-- Assignment --
In the listing below, find each line with the string "Jeep" and report it.

-- Recorded data --

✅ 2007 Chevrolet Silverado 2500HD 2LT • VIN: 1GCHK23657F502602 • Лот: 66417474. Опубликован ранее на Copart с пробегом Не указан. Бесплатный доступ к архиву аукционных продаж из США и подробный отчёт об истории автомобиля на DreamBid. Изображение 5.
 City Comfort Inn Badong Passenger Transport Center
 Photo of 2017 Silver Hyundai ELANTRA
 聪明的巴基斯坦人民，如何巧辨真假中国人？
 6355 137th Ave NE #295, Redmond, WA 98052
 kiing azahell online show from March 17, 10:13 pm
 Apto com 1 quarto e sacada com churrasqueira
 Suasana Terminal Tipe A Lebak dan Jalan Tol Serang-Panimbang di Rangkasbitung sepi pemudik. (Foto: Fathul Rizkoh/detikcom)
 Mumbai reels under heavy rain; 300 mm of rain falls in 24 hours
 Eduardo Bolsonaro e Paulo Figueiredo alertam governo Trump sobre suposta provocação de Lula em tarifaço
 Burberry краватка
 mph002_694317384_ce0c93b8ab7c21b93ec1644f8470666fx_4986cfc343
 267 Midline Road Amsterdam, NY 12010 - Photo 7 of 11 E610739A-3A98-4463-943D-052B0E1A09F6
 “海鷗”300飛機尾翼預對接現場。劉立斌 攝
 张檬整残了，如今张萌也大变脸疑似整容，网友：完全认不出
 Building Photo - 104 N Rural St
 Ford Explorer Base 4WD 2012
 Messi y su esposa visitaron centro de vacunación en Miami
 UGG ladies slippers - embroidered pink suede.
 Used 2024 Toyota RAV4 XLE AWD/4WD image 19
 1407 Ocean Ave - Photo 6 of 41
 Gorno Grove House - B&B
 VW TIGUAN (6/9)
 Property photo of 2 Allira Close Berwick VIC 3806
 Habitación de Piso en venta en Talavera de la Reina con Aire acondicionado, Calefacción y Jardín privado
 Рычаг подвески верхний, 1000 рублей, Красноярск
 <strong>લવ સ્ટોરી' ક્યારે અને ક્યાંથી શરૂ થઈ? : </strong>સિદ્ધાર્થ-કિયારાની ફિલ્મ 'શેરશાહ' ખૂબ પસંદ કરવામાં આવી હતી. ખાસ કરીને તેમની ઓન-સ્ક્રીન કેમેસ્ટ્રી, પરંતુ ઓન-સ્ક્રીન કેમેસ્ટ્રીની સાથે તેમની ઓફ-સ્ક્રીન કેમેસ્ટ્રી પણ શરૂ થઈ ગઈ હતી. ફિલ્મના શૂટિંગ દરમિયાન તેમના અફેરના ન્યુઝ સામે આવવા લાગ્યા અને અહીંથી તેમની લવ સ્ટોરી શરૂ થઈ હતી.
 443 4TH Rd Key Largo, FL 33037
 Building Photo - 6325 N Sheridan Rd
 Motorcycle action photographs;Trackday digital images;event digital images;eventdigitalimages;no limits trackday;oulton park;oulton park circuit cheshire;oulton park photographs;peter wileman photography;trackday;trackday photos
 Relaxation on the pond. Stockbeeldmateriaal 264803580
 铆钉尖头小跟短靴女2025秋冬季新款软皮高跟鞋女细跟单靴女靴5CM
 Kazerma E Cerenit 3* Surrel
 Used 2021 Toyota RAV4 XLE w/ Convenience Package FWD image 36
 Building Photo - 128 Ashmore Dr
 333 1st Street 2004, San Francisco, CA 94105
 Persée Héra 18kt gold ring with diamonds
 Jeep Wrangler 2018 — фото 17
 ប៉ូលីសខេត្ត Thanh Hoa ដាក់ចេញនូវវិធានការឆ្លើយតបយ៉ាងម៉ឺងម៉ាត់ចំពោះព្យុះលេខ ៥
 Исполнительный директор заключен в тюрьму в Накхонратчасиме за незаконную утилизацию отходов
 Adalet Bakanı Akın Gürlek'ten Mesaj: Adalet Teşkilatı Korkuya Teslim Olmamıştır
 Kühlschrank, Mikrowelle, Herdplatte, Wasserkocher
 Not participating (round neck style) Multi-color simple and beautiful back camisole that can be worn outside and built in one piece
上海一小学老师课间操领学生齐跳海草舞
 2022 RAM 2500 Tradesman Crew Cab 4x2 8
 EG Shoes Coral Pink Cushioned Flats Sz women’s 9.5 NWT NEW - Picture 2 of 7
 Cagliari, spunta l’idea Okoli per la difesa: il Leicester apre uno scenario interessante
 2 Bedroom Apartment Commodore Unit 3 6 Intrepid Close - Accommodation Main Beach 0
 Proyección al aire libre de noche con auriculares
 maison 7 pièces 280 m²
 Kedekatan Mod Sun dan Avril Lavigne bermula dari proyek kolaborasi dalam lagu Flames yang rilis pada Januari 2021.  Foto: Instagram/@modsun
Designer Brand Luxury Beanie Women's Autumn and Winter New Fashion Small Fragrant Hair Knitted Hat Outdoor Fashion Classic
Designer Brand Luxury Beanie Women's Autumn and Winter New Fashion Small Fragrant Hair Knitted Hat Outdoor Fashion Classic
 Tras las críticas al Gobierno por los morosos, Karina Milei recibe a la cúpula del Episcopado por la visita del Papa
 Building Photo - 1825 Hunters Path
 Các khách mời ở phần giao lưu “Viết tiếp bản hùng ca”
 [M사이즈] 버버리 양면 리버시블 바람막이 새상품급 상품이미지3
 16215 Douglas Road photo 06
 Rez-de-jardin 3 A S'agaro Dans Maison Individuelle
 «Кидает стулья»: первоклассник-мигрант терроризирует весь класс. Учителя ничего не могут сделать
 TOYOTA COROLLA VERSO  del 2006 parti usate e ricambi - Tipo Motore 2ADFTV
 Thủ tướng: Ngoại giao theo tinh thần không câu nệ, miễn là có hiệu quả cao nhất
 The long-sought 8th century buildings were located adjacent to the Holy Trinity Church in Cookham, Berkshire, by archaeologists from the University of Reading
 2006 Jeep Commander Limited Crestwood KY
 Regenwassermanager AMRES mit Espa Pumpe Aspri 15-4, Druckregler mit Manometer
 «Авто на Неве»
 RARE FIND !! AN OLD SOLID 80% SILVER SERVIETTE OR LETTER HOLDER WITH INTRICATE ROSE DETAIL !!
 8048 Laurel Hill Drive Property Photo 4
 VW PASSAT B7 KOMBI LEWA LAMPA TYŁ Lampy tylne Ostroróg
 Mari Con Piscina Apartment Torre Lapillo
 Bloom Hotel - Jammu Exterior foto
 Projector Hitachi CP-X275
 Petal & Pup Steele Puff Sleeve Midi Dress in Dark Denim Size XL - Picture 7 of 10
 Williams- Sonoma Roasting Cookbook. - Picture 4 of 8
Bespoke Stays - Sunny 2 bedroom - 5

-- Answer for this exercise --
 Jeep Wrangler 2018 — фото 17
 2006 Jeep Commander Limited Crestwood KY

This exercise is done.